[Supplied information]

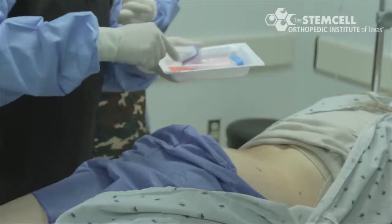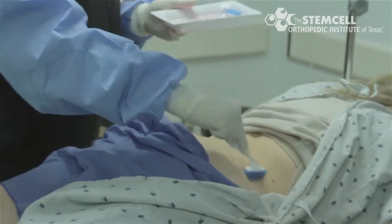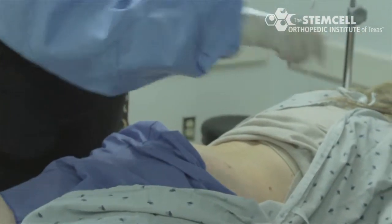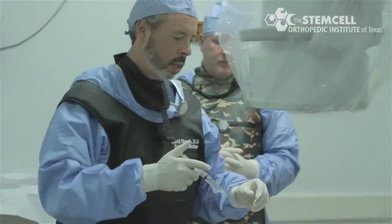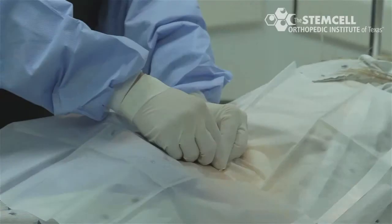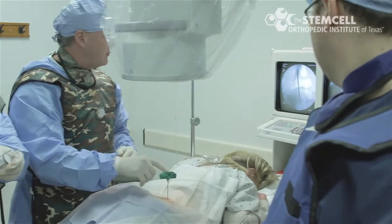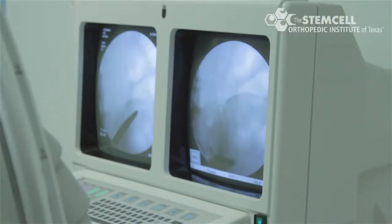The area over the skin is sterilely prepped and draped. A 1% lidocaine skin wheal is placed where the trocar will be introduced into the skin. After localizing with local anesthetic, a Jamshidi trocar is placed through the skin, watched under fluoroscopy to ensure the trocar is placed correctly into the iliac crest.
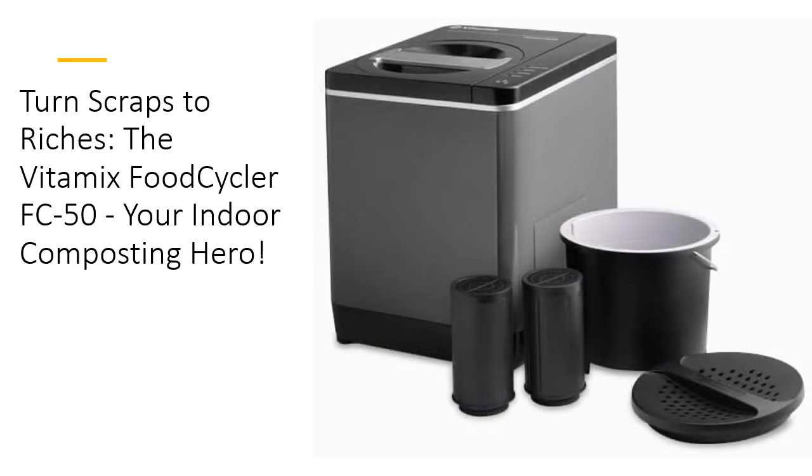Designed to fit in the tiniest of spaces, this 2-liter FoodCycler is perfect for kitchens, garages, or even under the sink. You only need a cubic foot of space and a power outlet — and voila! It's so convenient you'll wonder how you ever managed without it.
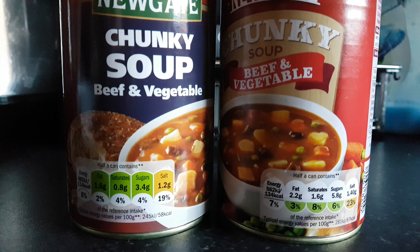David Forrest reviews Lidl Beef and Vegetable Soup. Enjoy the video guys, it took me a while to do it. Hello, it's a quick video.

[/Supplied information]

* _Problem to solve_
Your output must reproduce the material above in full, with no pictures.

* _Response_
The area over the skin is sterilely prepped and draped. A 1% lidocaine skin wheal is placed where the trocar will be introduced into the skin. After localizing with local anesthetic, a Jamshidi trocar is placed through the skin, watched under fluoroscopy to ensure the trocar is placed correctly into the iliac crest.
Designed to fit in the tiniest of spaces, this 2-liter FoodCycler is perfect for kitchens, garages, or even under the sink. You only need a cubic foot of space and a power outlet — and voila! It's so convenient you'll wonder how you ever managed without it.
David Forrest reviews Lidl Beef and Vegetable Soup. Enjoy the video guys, it took me a while to do it. Hello, it's a quick video.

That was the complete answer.